Monday, October 2, 2023

50 Years Ago: What They Say About 
Socialism (1990)

The 50 Years Ago column from the October 1990 issue of the Socialist Standard

It might have been expected that the war would have helped to disabuse peoples minds of some of the grossest forms of ignorance concerning the nature of Socialism and its utter incompatibility with forms of dictatorship-capitalism such as those in Germany and Italy. Yet we still see writers who claim to be well-informed perpetrating the old falsehoods.

Miss Margaret Cole, writing in the Tribune (August 30th. 1940), about the modernising of Turkey under the late Kemal Ataturk. credits him with seeing the need "to establish the amount of totalitarianism" or "Socialism"—call it what you will—which is imperative to the twentieth century.

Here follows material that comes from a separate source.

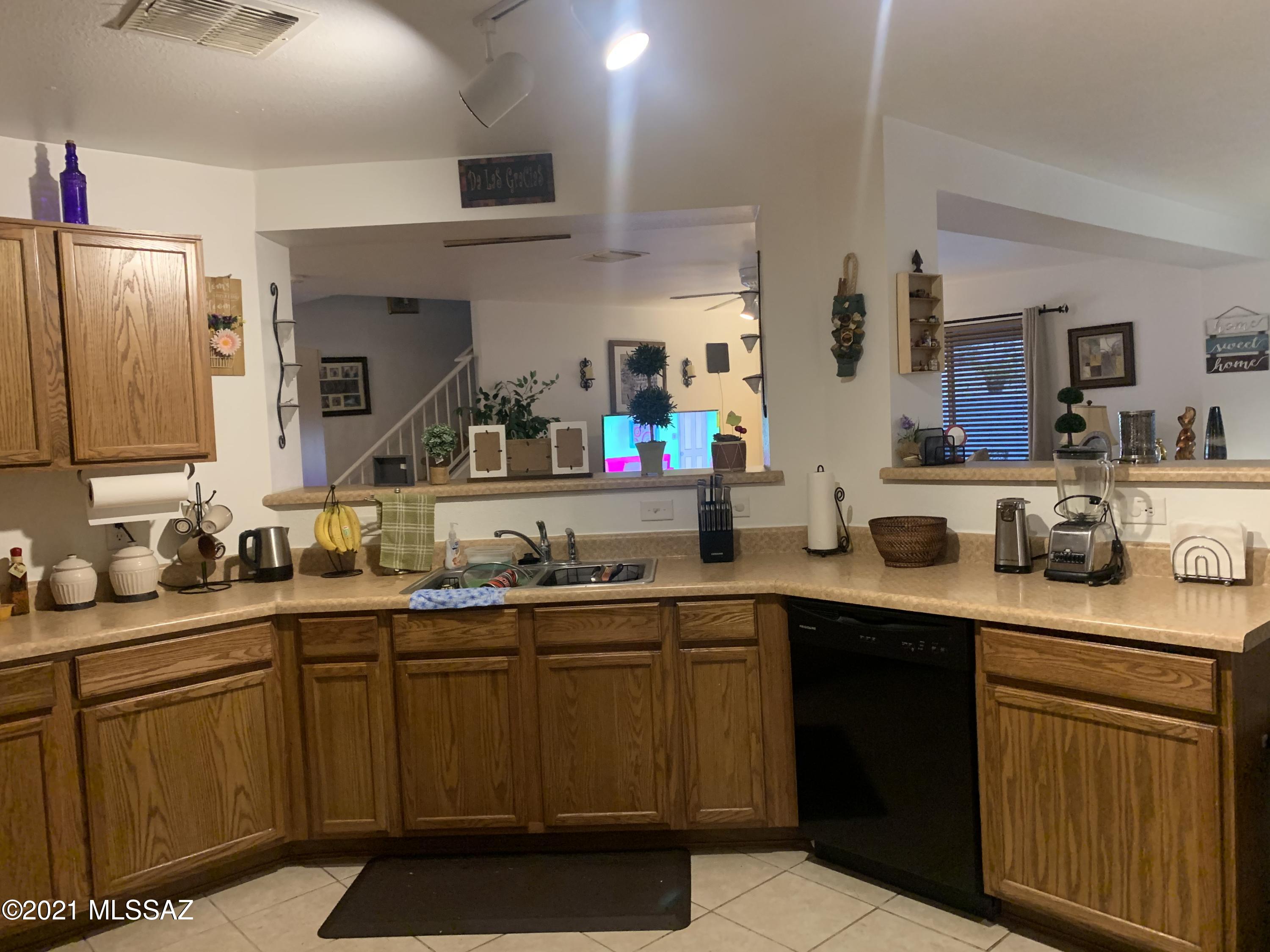 Tierra Vista Phase I (99-285,299-309,372-383) - Residential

"This necessity," she says, "has been demonstrated in Italy, Germany and Russia; under stress of war it is being demonstrated in this country and in France . . ."

Miss Cole claims to be a Socialist and the Tribune claims to be a Socialist Journal, yet they can tell their readers that “totalitarianism" and "Socialism" are much alike, merely a matter of names!

Then in the Sunday Express (August 18th, 1940), an article on the Nazi Leader. Dr. Ley, says that if Germany won the war "Ley would go down in history as the greatest Socialist of the new and greater Germany."

But let us say once more that Socialism does not mean that wages are paid by the State instead of by the employer. It means a system of society in which there is no wages system at all.

It is people like the Labour Party who have fostered these erroneous notions of Socialism. What they really mean is "State Capitalism”.